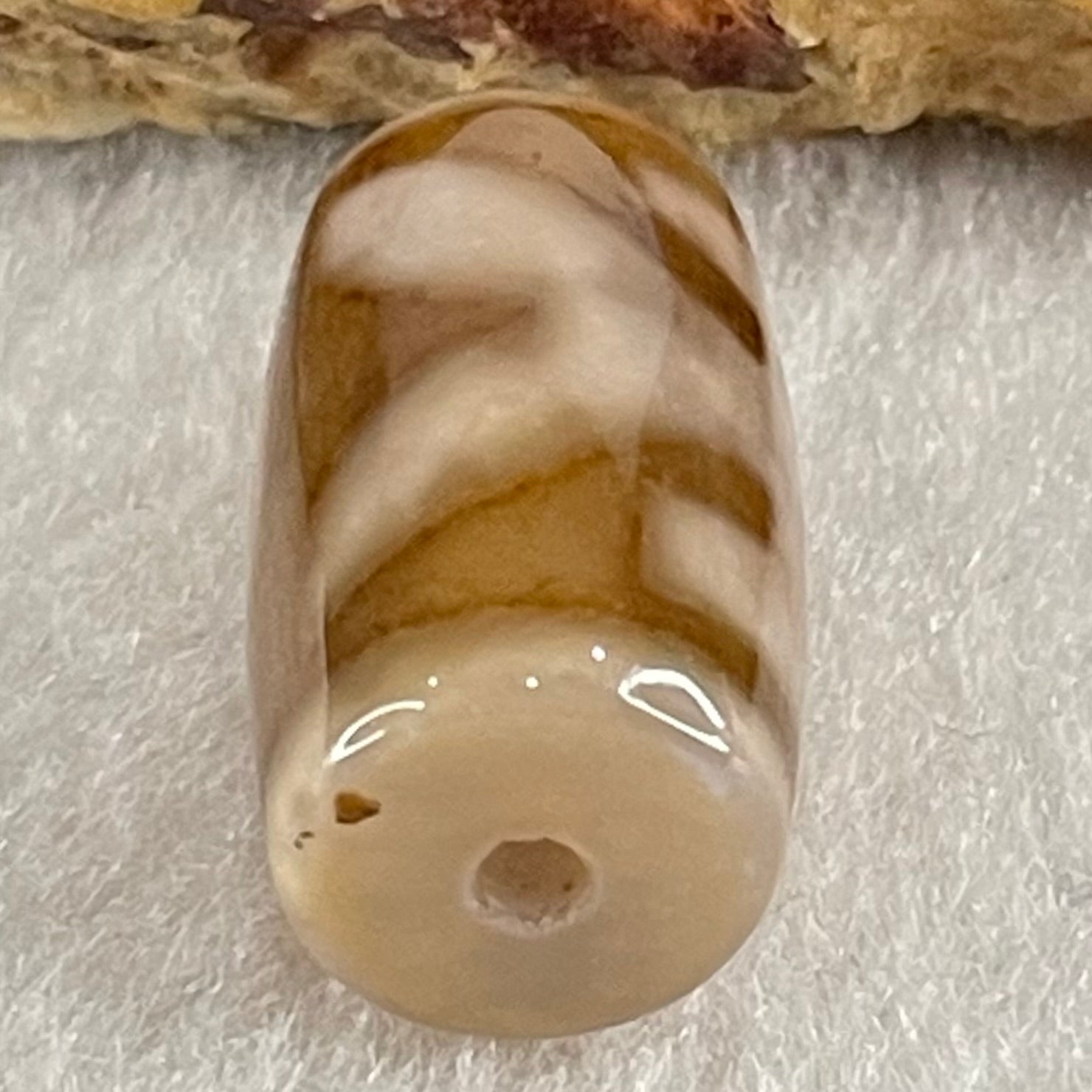Natural Powerful Tibetan Old Oily Agate Patina Guiren Tairen Human Dzi Bead Totem Amulet Heavenly Master (Tian Zhu) 贵人天诛 4.72g 20.0 by 11.7mm - Huangs Jadeite and Jewelry Pte Ltd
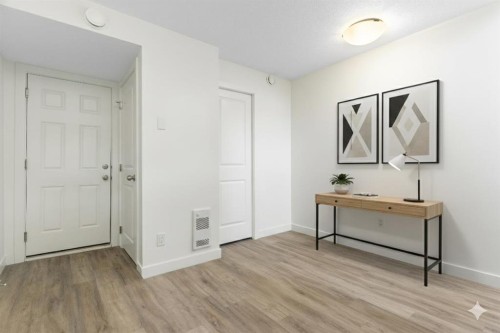 1803-24 Rivercrest Drive, Cochrane, AB - Indoor Photo Showing Other Room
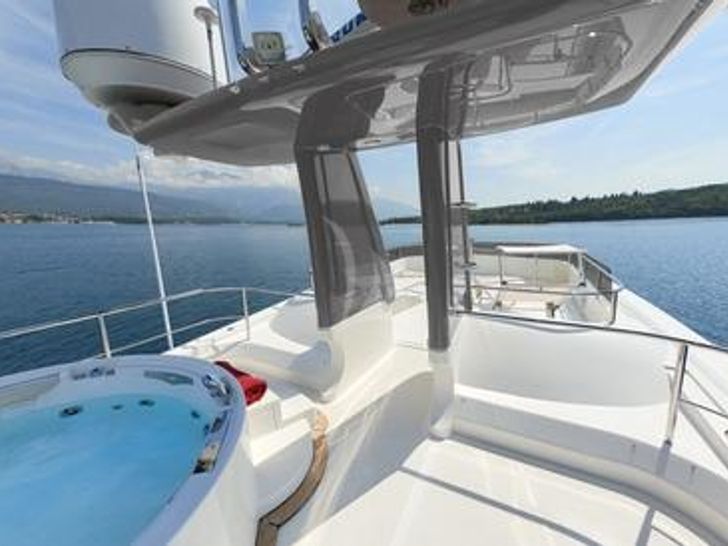 ZIACANIA Custom Line 101 Sundeck ZIACANIA Custom Line 101 Sundeck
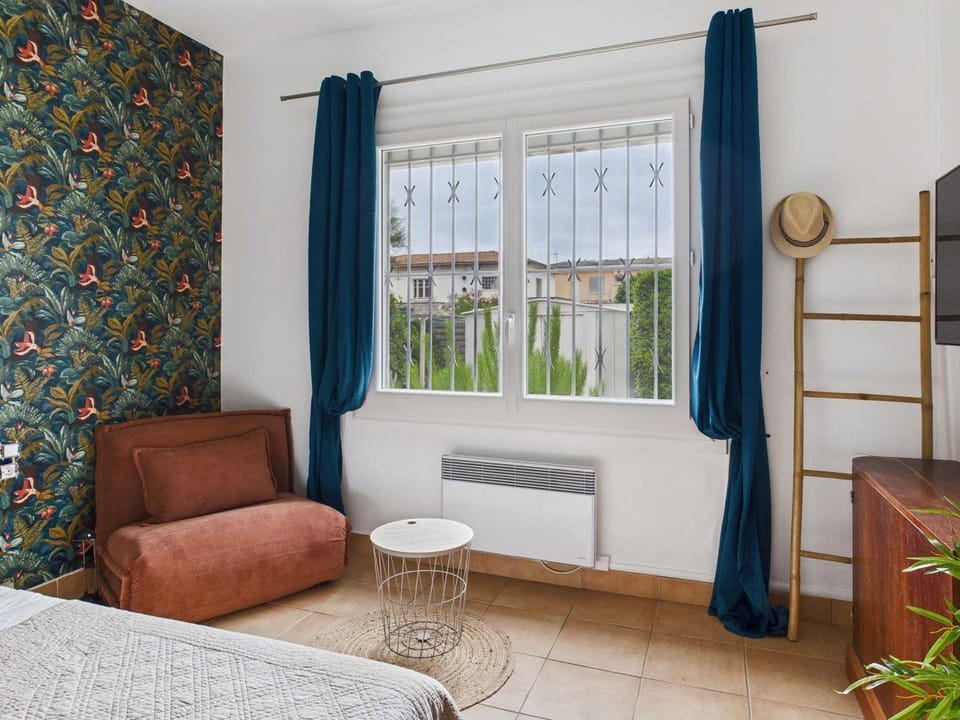 Maison plain-pied 3 chambres, terrasse et climatisation, 8 pers - FR-1-326-860 Apartment in Marseillan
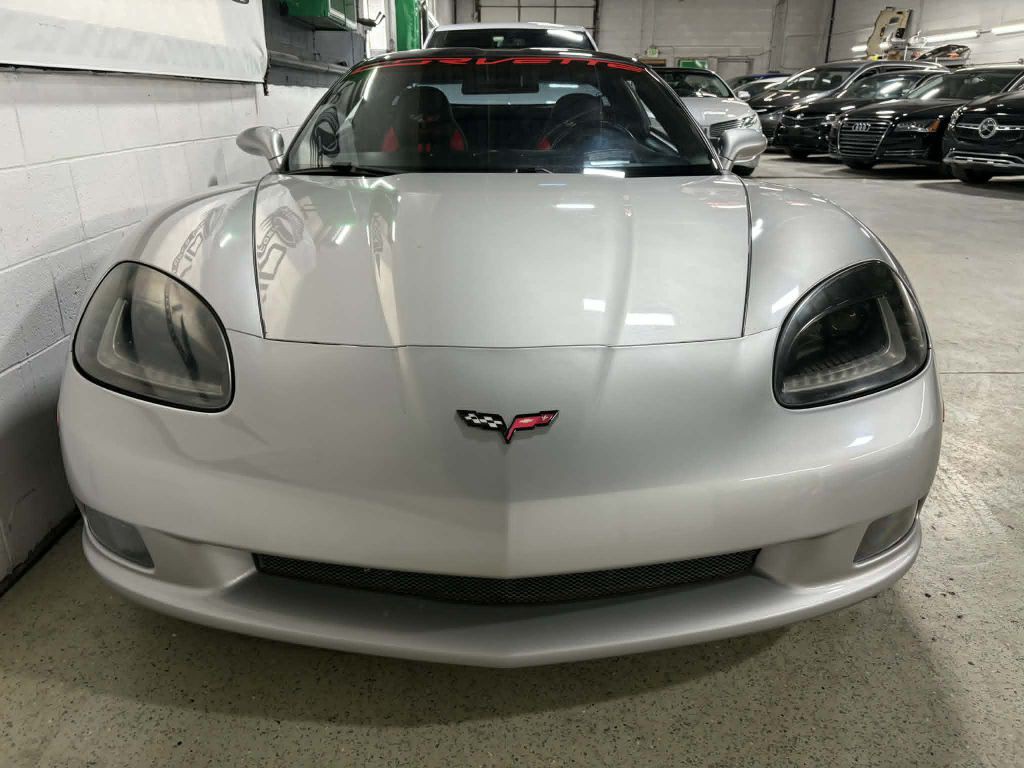 2005 Chevrolet Corvette Image 2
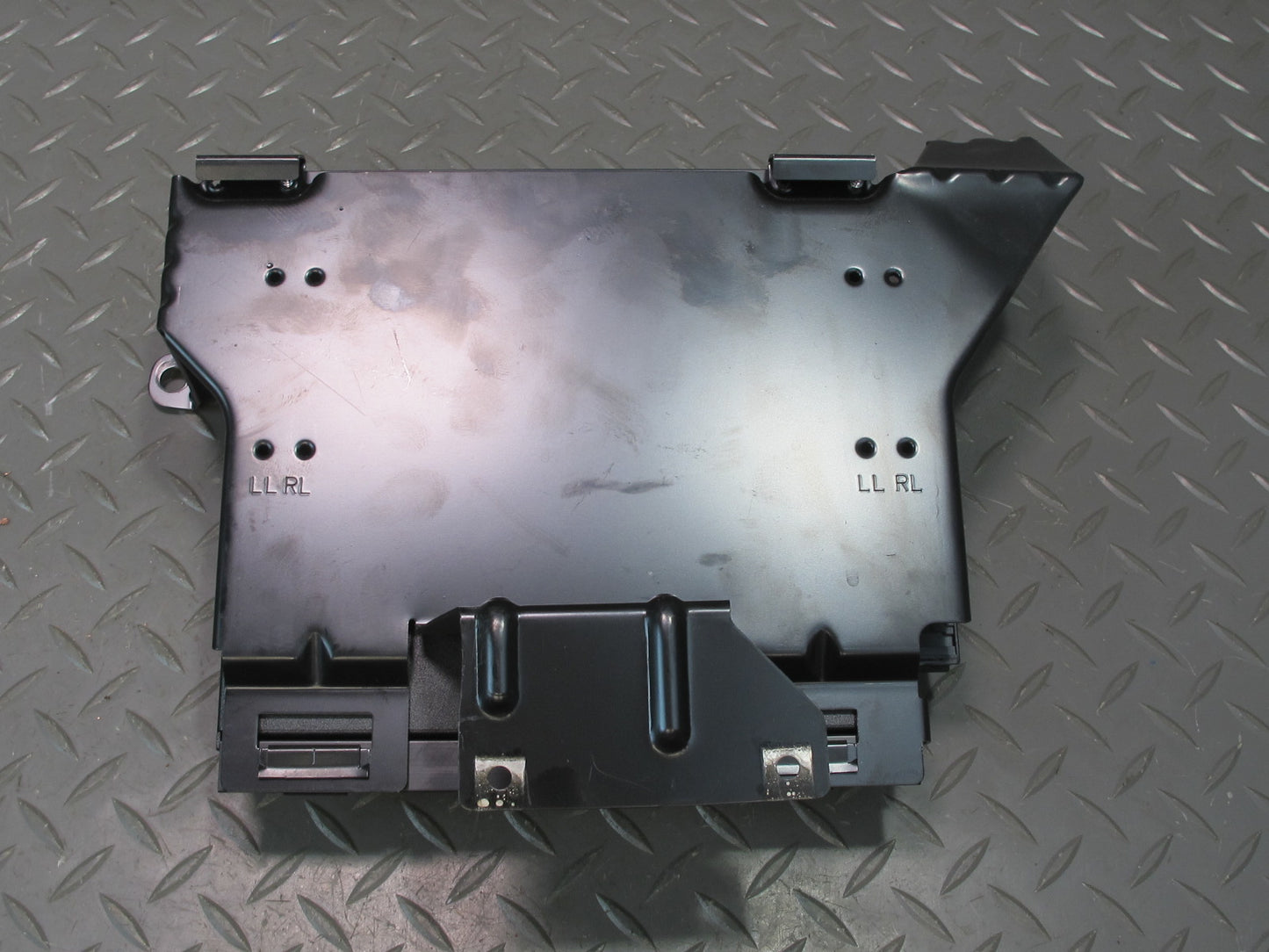 2001-2002 Porsche Boxster 986 Junction Fuse Relay Box Module Unit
════════
-- ASSIGNED TASK --
Set down all of the material word for word, but keep each picture out.

-- WRITTEN RESPONSE --
Natural Powerful Tibetan Old Oily Agate Patina Guiren Tairen Human Dzi Bead Totem Amulet Heavenly Master (Tian Zhu) 贵人天诛 4.72g 20.0 by 11.7mm - Huangs Jadeite and Jewelry Pte Ltd
 1803-24 Rivercrest Drive, Cochrane, AB - Indoor Photo Showing Other Room
 ZIACANIA Custom Line 101 Sundeck ZIACANIA Custom Line 101 Sundeck
 Maison plain-pied 3 chambres, terrasse et climatisation, 8 pers - FR-1-326-860 Apartment in Marseillan
 2005 Chevrolet Corvette Image 2
 2001-2002 Porsche Boxster 986 Junction Fuse Relay Box Module Unit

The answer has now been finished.